Given information |
=== Begin Enclosure ===
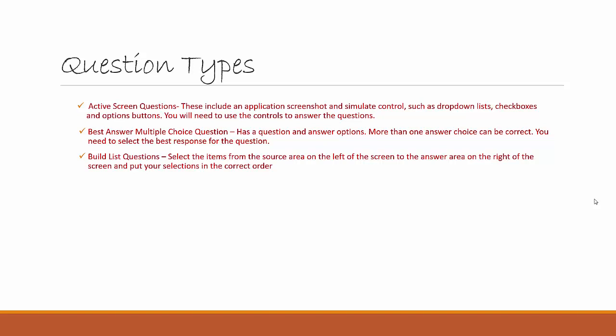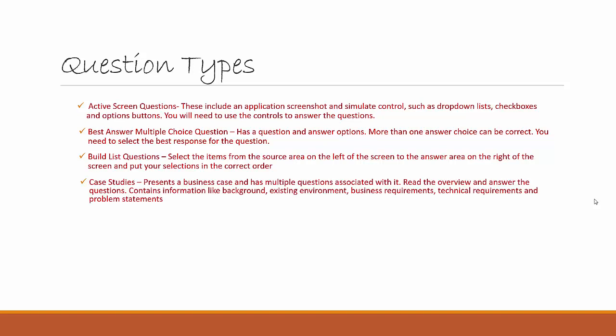Then we've got the Case Study, which basically presents a business case and has multiple questions associated with it. So you read the case study and then you answer the questions. Another way is you could probably look at the questions and then review the case study with the questions in mind.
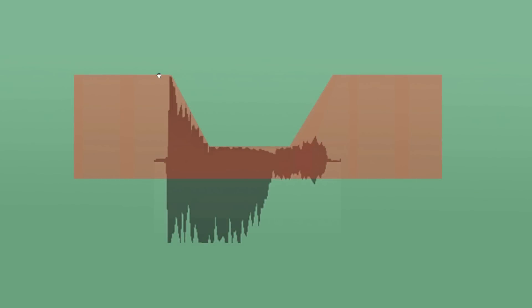Now that we understand the compressor envelope, it helps us visualize what the compressor is doing when we adjust the attack and the release. Here we can see a waveform of a kick drum being compressed.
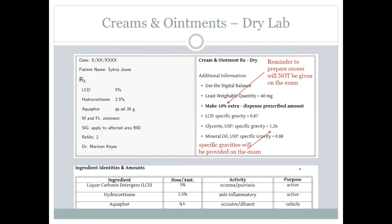The base the doctor wants is Aquaphor — that anhydrous absorption base. QSAD 30 grams means up to a total of 30 grams, drugs included. On the exam, I will not remind you to calculate for 10% excess — that's something I expect you to know about preparing topicals. I will provide you the specific gravities on the test, which we treat like densities to convert the weight of a liquid to its volume.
=== End Enclosure ===
Instructions to follow |
Only lines belong in the copy: transcribe those from the start of the data through the line that contains "Now that we", and skip the pictures.

Result of this task |
Then we've got the Case Study, which basically presents a business case and has multiple questions associated with it. So you read the case study and then you answer the questions. Another way is you could probably look at the questions and then review the case study with the questions in mind.
Now that we understand the compressor envelope, it helps us visualize what the compressor is doing when we adjust the attack and the release. Here we can see a waveform of a kick drum being compressed.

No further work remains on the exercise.